→ **Exercise aim**
Don't include any picture when you restate the data word for word.

→ **Study material**
* * * *

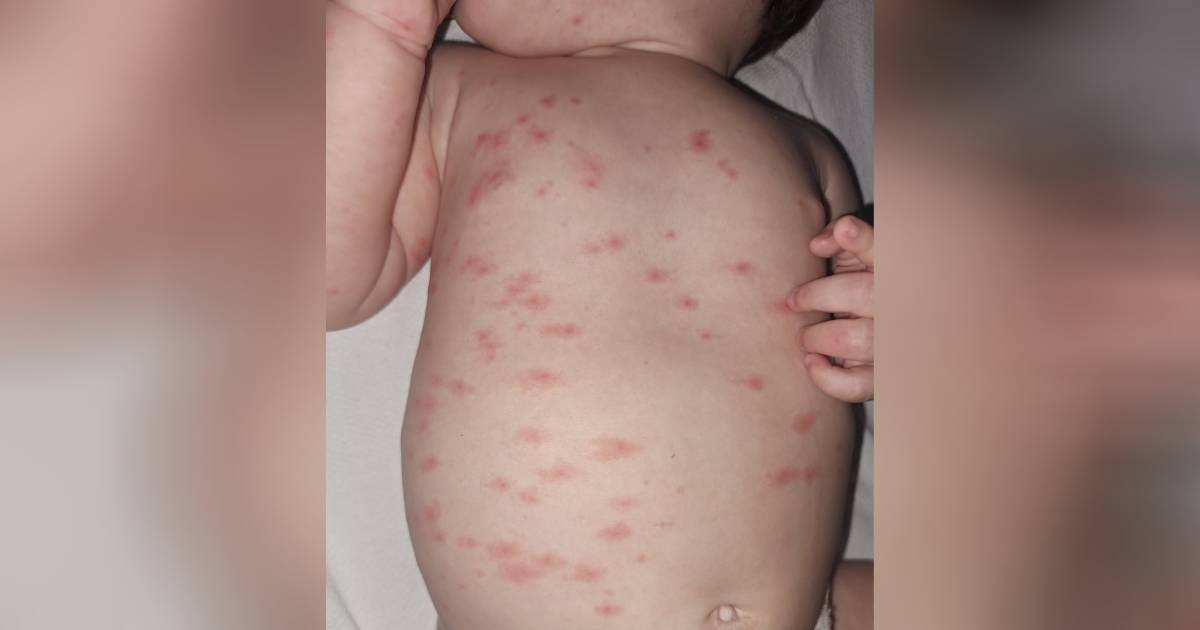 Cuban Mother Shares Heartbreaking Struggle to Raise Baby Amid Blackouts, Trash, and Mosquitoes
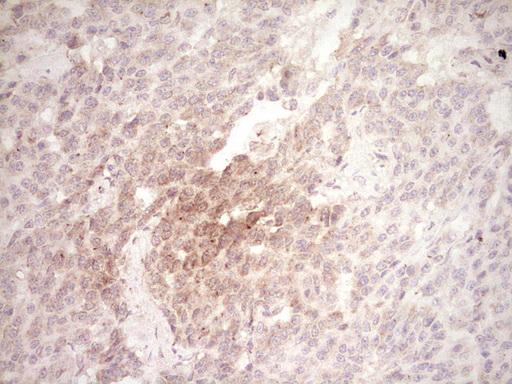 Immunohistochemical staining of paraffin-embedded Carcinoma of Human lung tissue using anti-SPP1 mouse monoclonal antibody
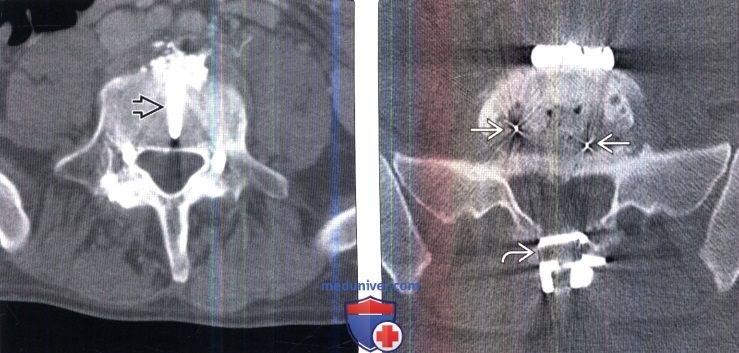 Рентгенограмма, КТ межтеловых спейсеров позвоночника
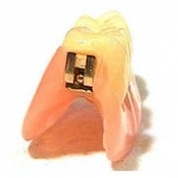 Зъбни протези пеперуда (незабавни протези)
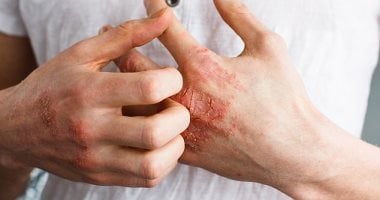 دراسة تكشف روابط بين الإكزيما واضطرابات النوم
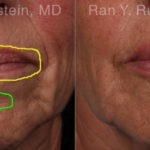 Lip Fillers Before and After Photos in Montvale, NJ, Patient 19037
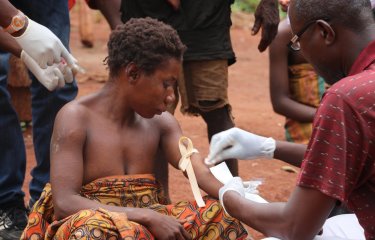 MonkeyPox - Institut Pasteur - Institut Pasteur de Bangui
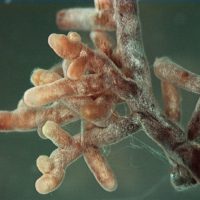 Mycorrhizal_root_tips_amanita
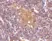 Anti CD5L (C-Terminal) Antibody thumbnail image 2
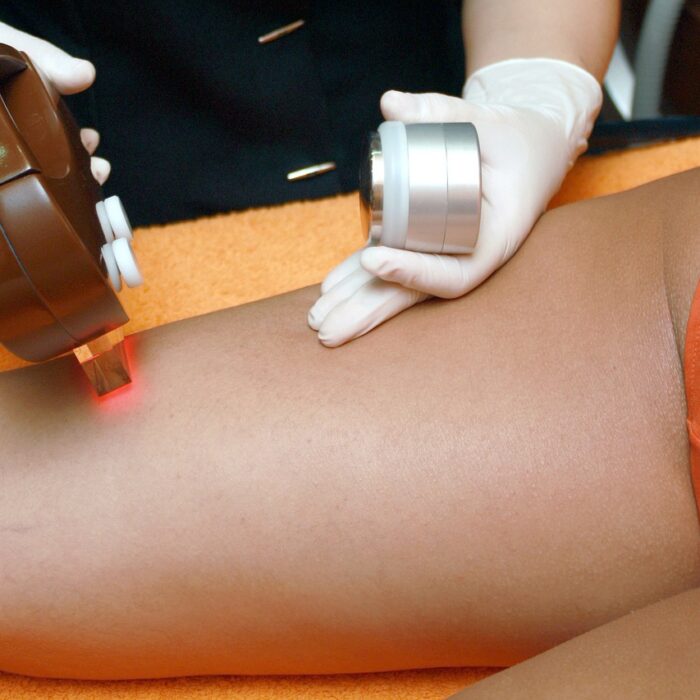 Épilation laser maillot : résultats et tarifs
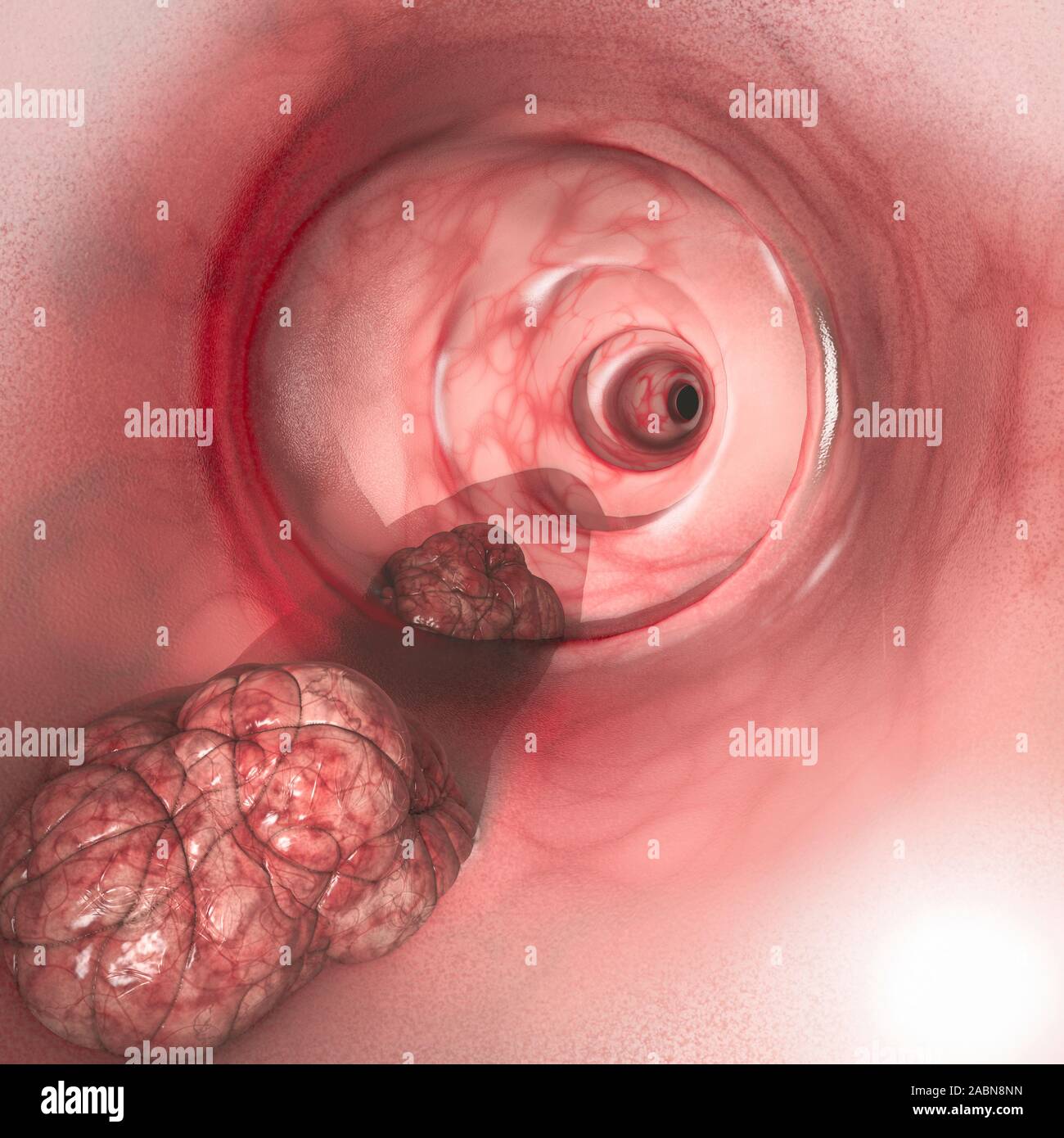 Internal view of the intestinal walls. Colorectal cancer (CRC), bowel cancer, colon cancer, or rectal cancer. Abnormal growth of cells Stock Photo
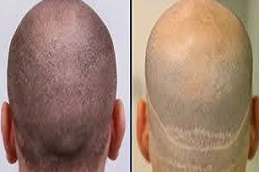 زراعة الشعر باستخدام تقنية FUT في دبي وأبو ظبي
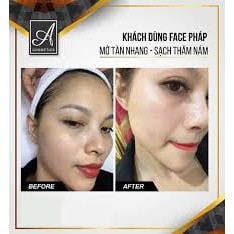 [ Giá sỉ ] kem dưỡng trắng da mặt face pháp 2020 Acosmetics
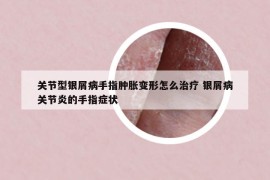 关节型银屑病手指肿胀变形怎么治疗 银屑病关节炎的手指症状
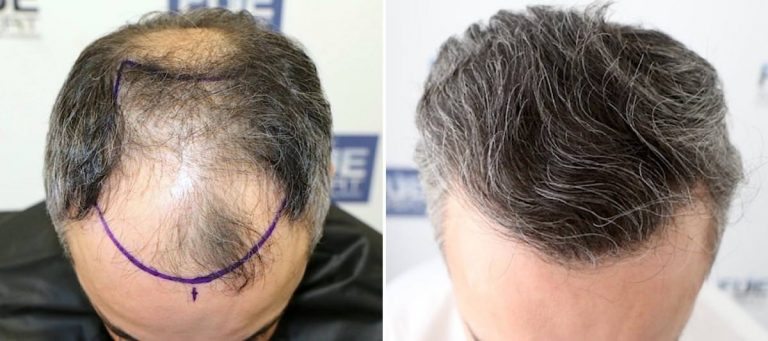 Antes y Después - 3700 Injertos- Trasplante capilar FUE - Dr Juan Couto en clínica capilar FUExpert Clinic - Madrid, España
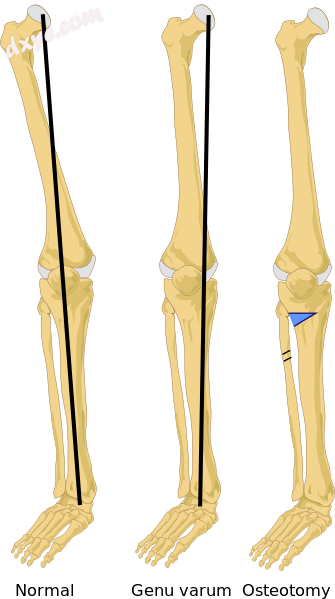 Valgus osteotomy. The black line is the mechanical axis..png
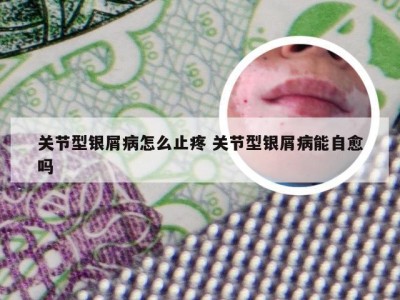 关节型银屑病怎么止疼 关节型银屑病能自愈吗
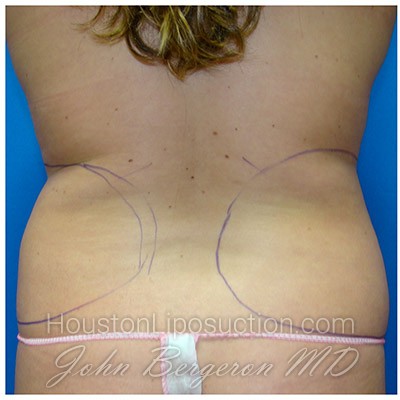 Liposuction before photo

* * * *

→ **Exercise solution**
 Cuban Mother Shares Heartbreaking Struggle to Raise Baby Amid Blackouts, Trash, and Mosquitoes
 Immunohistochemical staining of paraffin-embedded Carcinoma of Human lung tissue using anti-SPP1 mouse monoclonal antibody
 Рентгенограмма, КТ межтеловых спейсеров позвоночника
 Зъбни протези пеперуда (незабавни протези)
 دراسة تكشف روابط بين الإكزيما واضطرابات النوم
 Lip Fillers Before and After Photos in Montvale, NJ, Patient 19037
 MonkeyPox - Institut Pasteur - Institut Pasteur de Bangui
 Mycorrhizal_root_tips_amanita
 Anti CD5L (C-Terminal) Antibody thumbnail image 2
 Épilation laser maillot : résultats et tarifs
 Internal view of the intestinal walls. Colorectal cancer (CRC), bowel cancer, colon cancer, or rectal cancer. Abnormal growth of cells Stock Photo
 زراعة الشعر باستخدام تقنية FUT في دبي وأبو ظبي
 [ Giá sỉ ] kem dưỡng trắng da mặt face pháp 2020 Acosmetics
 关节型银屑病手指肿胀变形怎么治疗 银屑病关节炎的手指症状
 Antes y Después - 3700 Injertos- Trasplante capilar FUE - Dr Juan Couto en clínica capilar FUExpert Clinic - Madrid, España
 Valgus osteotomy. The black line is the mechanical axis..png
 关节型银屑病怎么止疼 关节型银屑病能自愈吗
 Liposuction before photo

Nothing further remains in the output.